WHAT IS BEING ASKED.
An exact, complete copy of the entries is needed, with the pictures left out.
===
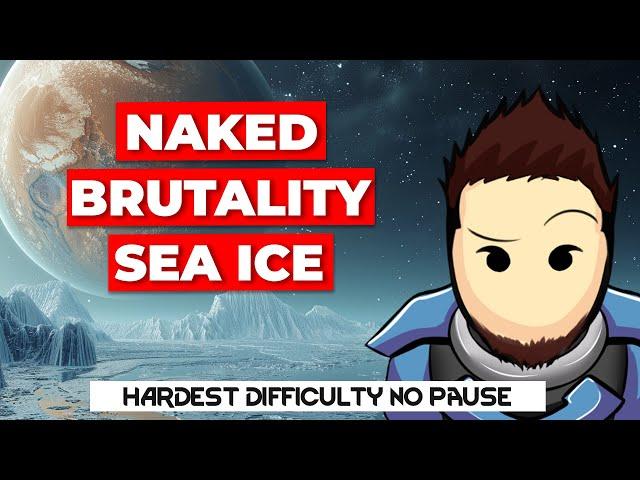 RimWorld Naked Brutality Sea Ice | 500% No pause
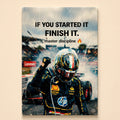 Race driver raising a fist before a car with sparks flying – If you started it, finish it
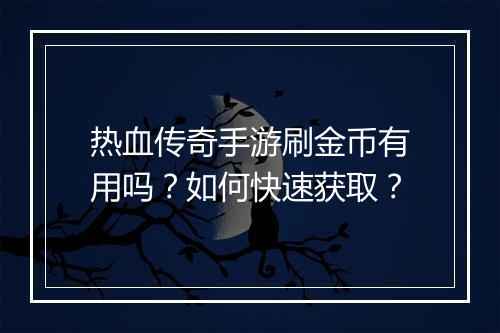 热血传奇手游刷金币有用吗？如何快速获取？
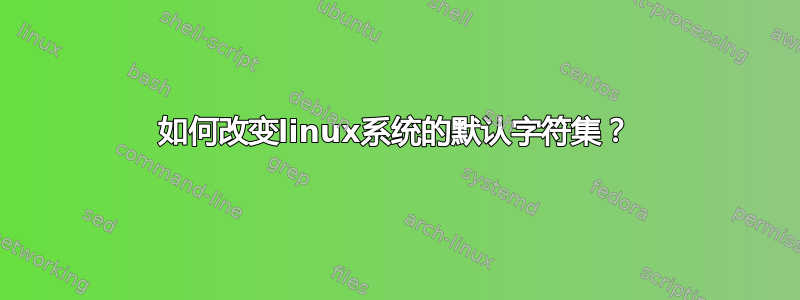 如何改变linux系统的默认字符集？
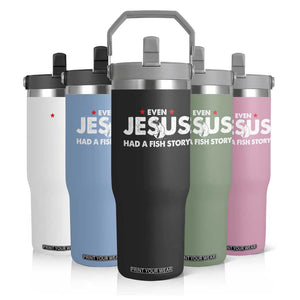 Christian Fishing Flip Straw Tumbler Even Jesus Had A Fish Story Funny Fisherman TS10 Print Your Wear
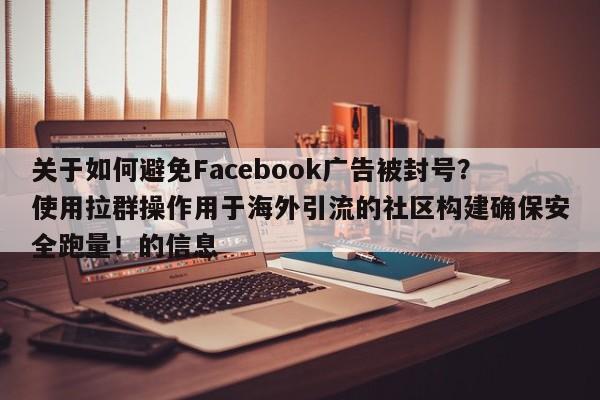 关于如何避免Facebook广告被封号?使用拉群操作用于海外引流的社区构建确保安全跑量!的信息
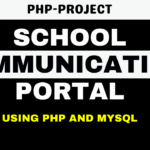 School Communication Portal Using PHP and MYSQL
===
EXERCISE RESPONSE.
 RimWorld Naked Brutality Sea Ice | 500% No pause
 Race driver raising a fist before a car with sparks flying – If you started it, finish it
 热血传奇手游刷金币有用吗？如何快速获取？
 如何改变linux系统的默认字符集？
 Christian Fishing Flip Straw Tumbler Even Jesus Had A Fish Story Funny Fisherman TS10 Print Your Wear
 关于如何避免Facebook广告被封号?使用拉群操作用于海外引流的社区构建确保安全跑量!的信息
 School Communication Portal Using PHP and MYSQL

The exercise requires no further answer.